Control of agglomeration during circulating fluidized bed gasification of a South Australian low-rank coal: pilot scale testing

Abstract

In this paper, results are presented of experiments performed to assess control techniques to counteract the operational problems of agglomeration during gasification of a South Australian low-rank coal in a pilot scale circulating fluidized bed gasification (CFBG) plant. Kaolinite-rich clay additives were used in the experiments in order to reduce the problems associated with sodium present in coals. The effect of refreshing and removing the bed material during continuous gasification was also studied experimentally. Agglomerates were observed to form during tests that occurred without the addition of kaolinite; the joints of the agglomerates were found to be comprised principally of sodium and silicon, presumably as sodium silicates. Sodium silicates were also observed to contribute to deposition of bed material and ash in some parts of gasifier. Deposition occurred mainly just above the air delivery inlets to the riser and at the bottom of the recirculation leg. At both of these points, local higher temperatures than in the other parts of the gasifier would be expected, with temperature having a large influence on the viscosity and stickiness of silicate layers and their tendencies to stick to reactor surfaces. The addition of kaolinite clay reduces the formation of sodium silicates.
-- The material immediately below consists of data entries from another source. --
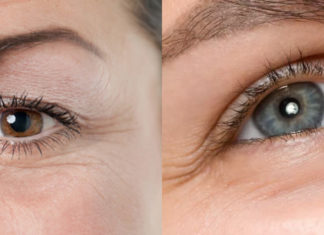 6 Simple Ways to Erase Eye Wrinkles and Preserve Youthful Look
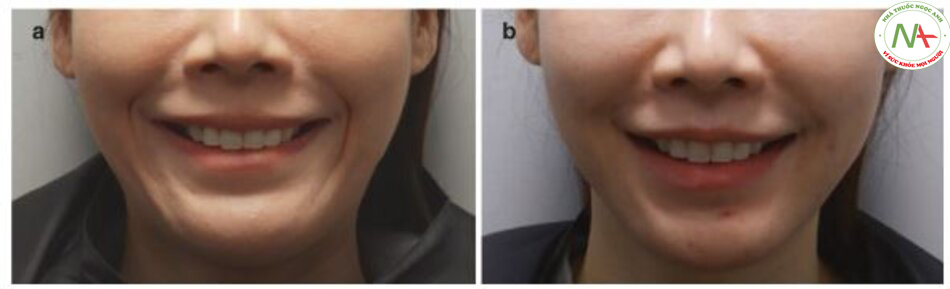 Hình 4.82 (a) Trước và (b) sau khi điều trị nếp gấp mũi - miệng động bằng kỹ thuật tiêm kiểu dương xỉ.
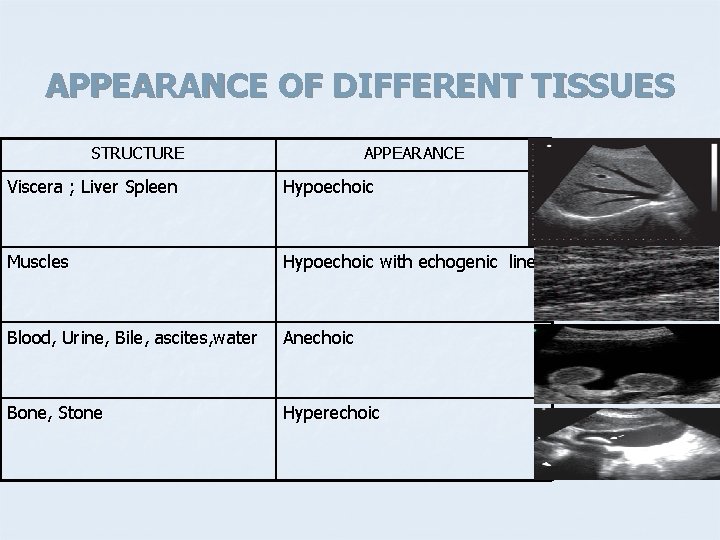 APPEARANCE OF DIFFERENT TISSUES STRUCTURE APPEARANCE Viscera ; Liver Spleen Hypoechoic Muscles Hypoechoic with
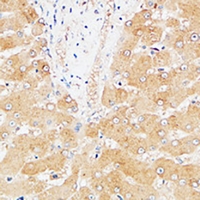 FGL1 / Hepassocin Antibody - Immunohistochemical analysis of Hepassocin staining in human liver formalin fixed paraffin embedded tissue section. The section was pre-treated using heat mediated antigen retrieval with sodium citrate buffer (pH 6.0). The section was then incubated with the antibody at room temperature and detected using an HRP conjugated compact polymer system. DAB was used as the chromogen. The section was then counterstained with haematoxylin and mounted with DPX.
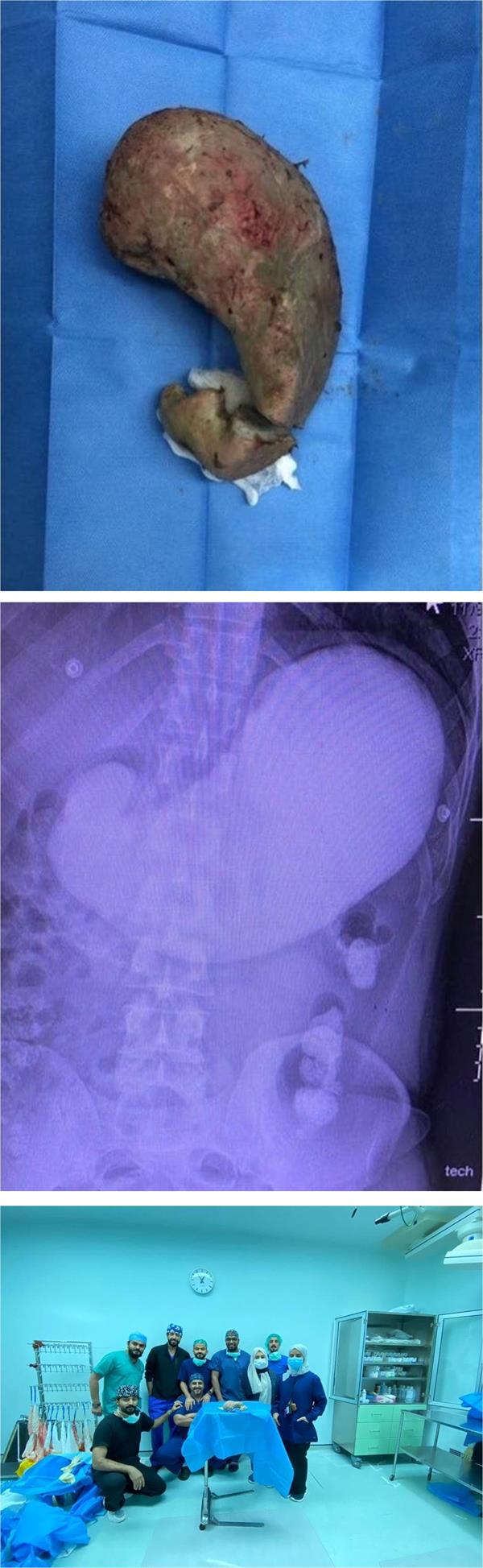 مقيم بجدة يحاول الانتحار بابتلاع خليط أسمنتي مقيم بجدة يحاول الانتحار بابتلاع خليط أسمنتي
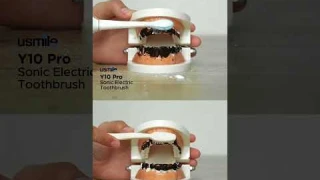 Apa benar sikat gigi elektrik lebih efektif 🤔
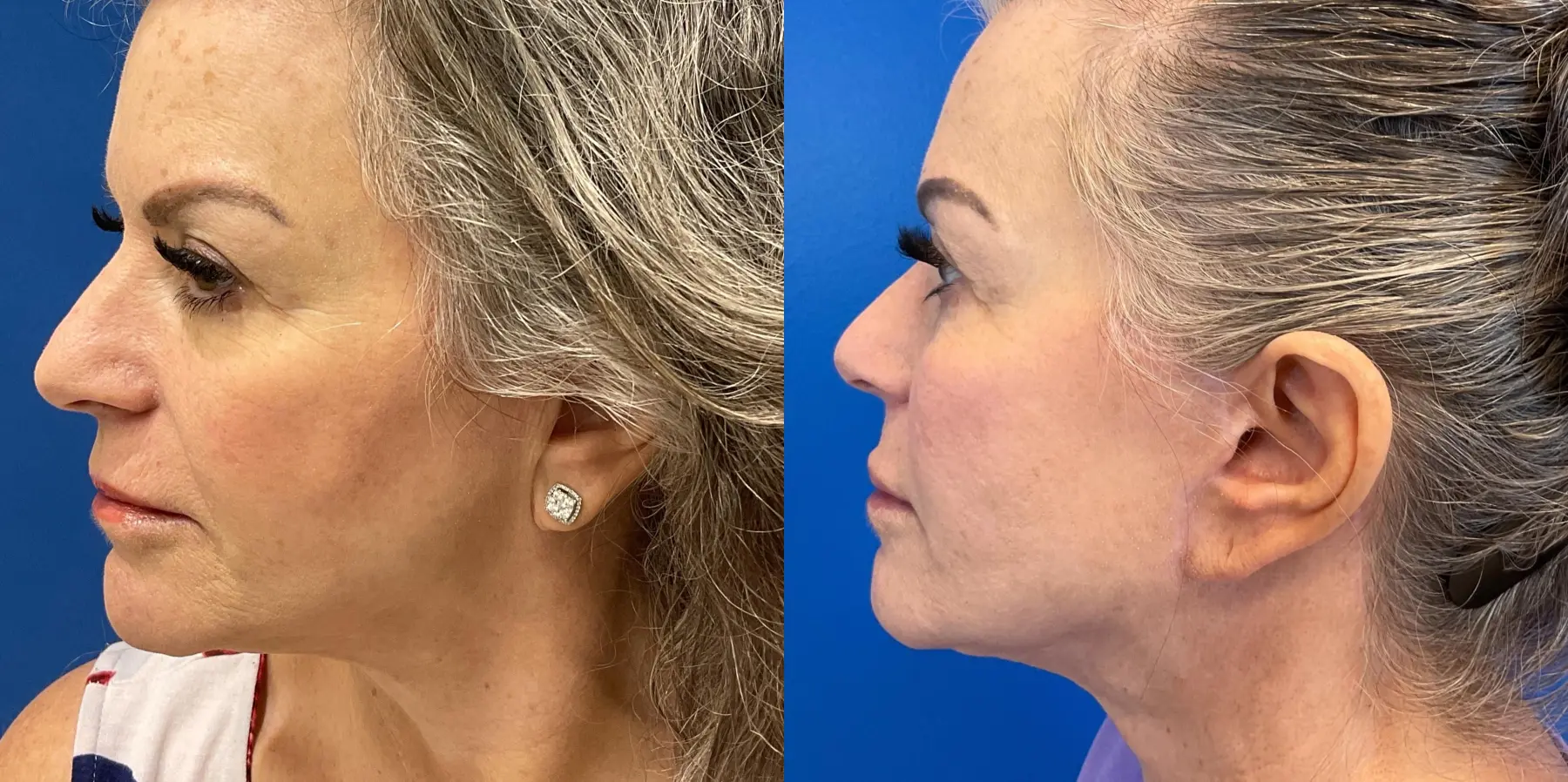 Facelift: Patient 6 - Before and After 5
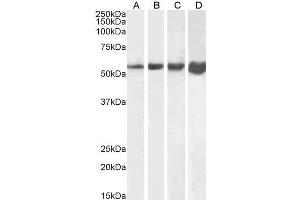 Western Blotting (WB) image for anti-Desmin (DES) (C-Term) antibody (ABIN334386)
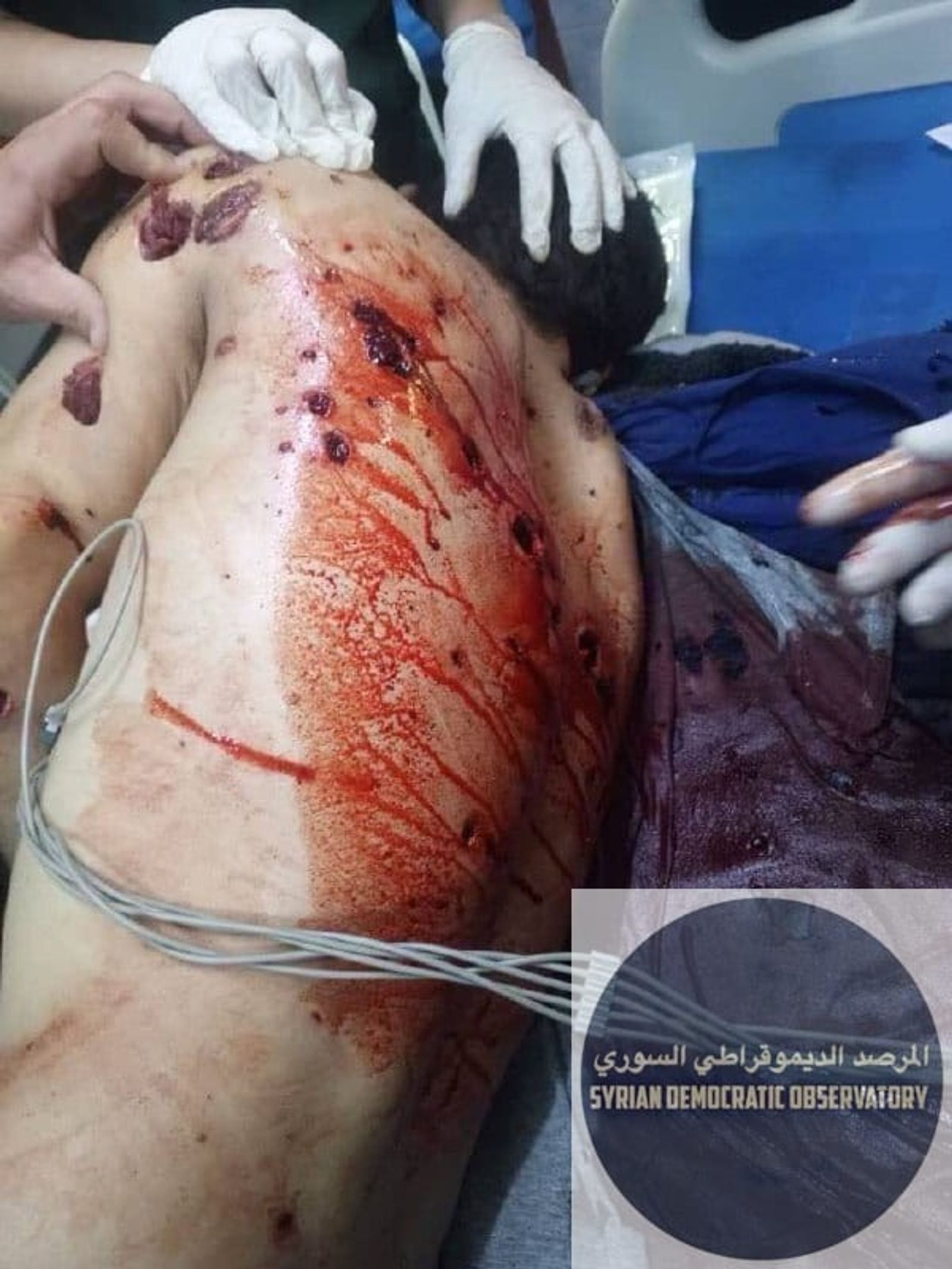 عشرات الإصابات من المدنيين الكورد بينهم نساء ورجال وأطفال رضع نتيجة القصف الهمجي الذي نفذت قوات تنظيم هيئة تحرير الشام الإرهابي على مدينة بأمر من القائد العام للقوات المسلحة في سوريا الإرهابي أبو محمد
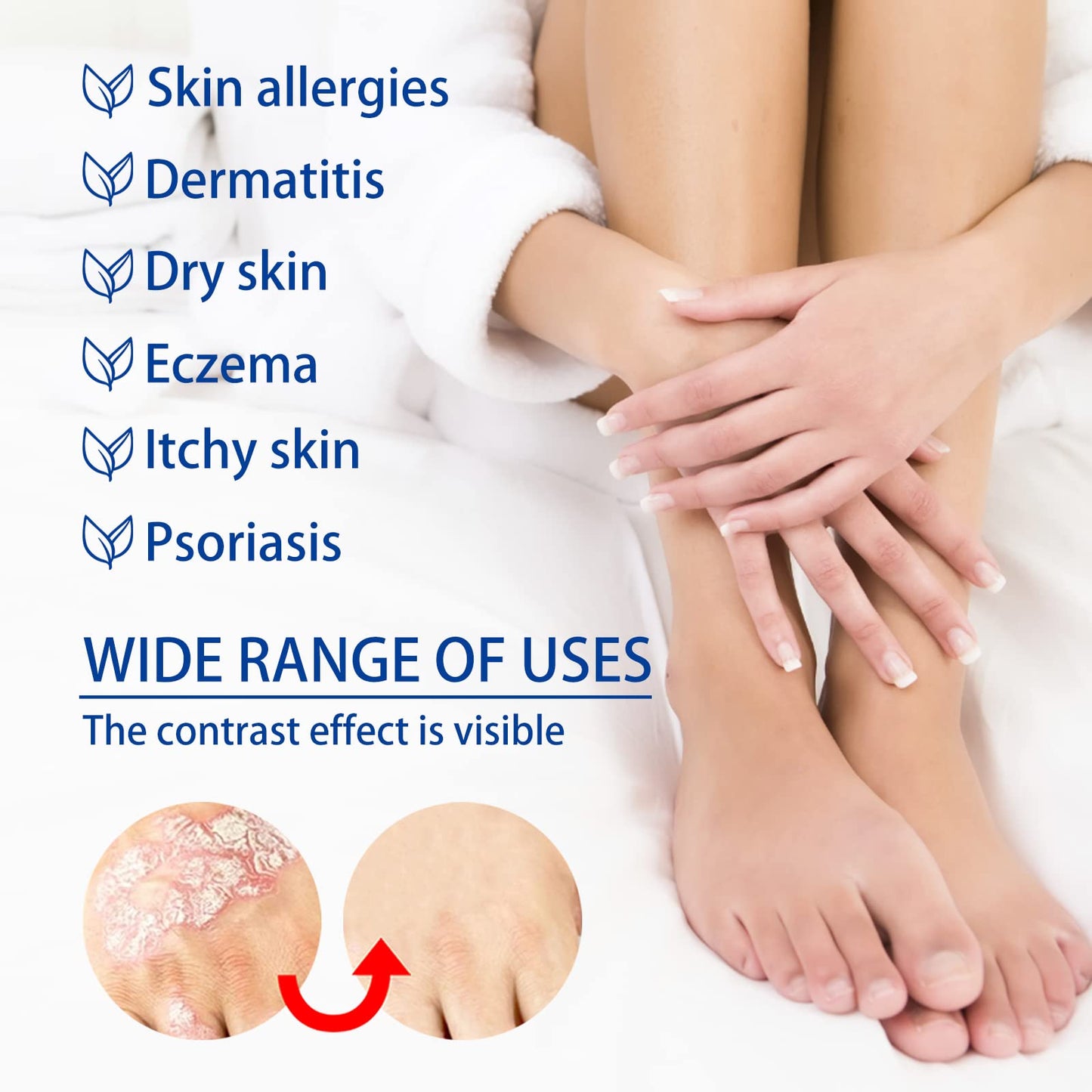 Herbal Skin Relief Cream with Aloe Vera – Soothing Moisturizer for Dry Skin – Lightweight, Non-Greasy Daily Hydration for All Types(2pcs) (2PCS)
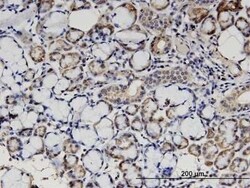 STX18 Antibody (2E5), Novus Biologicals 0.1 mg | Buy Online | Novus Biologicals | Fisher Scientific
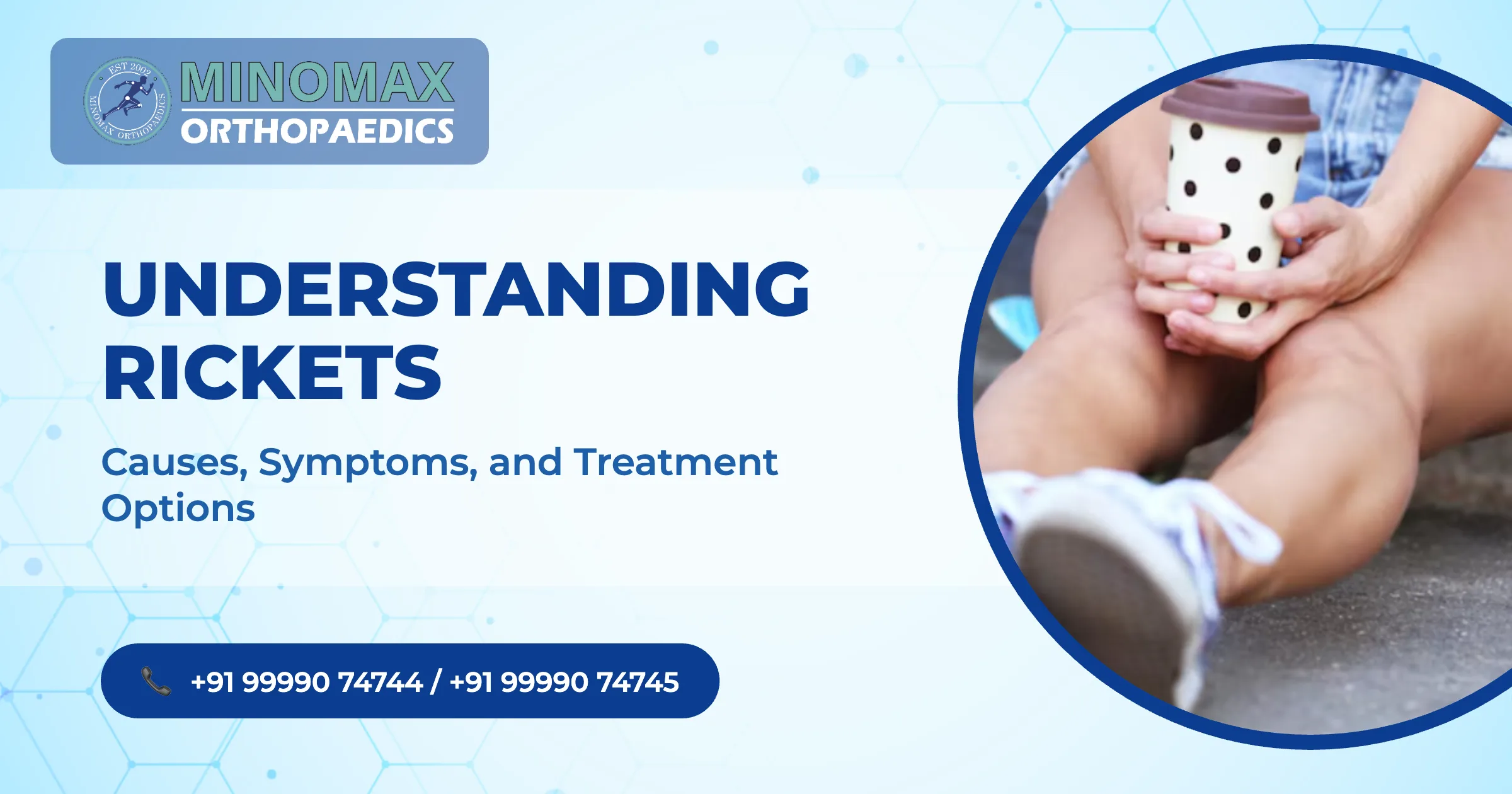 Understanding Rickets: Causes, Symptoms, and Treatment Options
Instead, sodium reacts with kaolinite to form sodium aluminosilicates, which do not melt at fluidized bed gasification conditions. Agglomeration during normal operating conditions was not observed during clay addition tests. These results further show that the formation of coating and agglomerates in the sand bed can be practically eliminated, and with fine-tuning of the Kingston coal gasification process, the problem of agglomeration and/or defluidization can potentially be overcome during operation of a commercial-scale gasifier.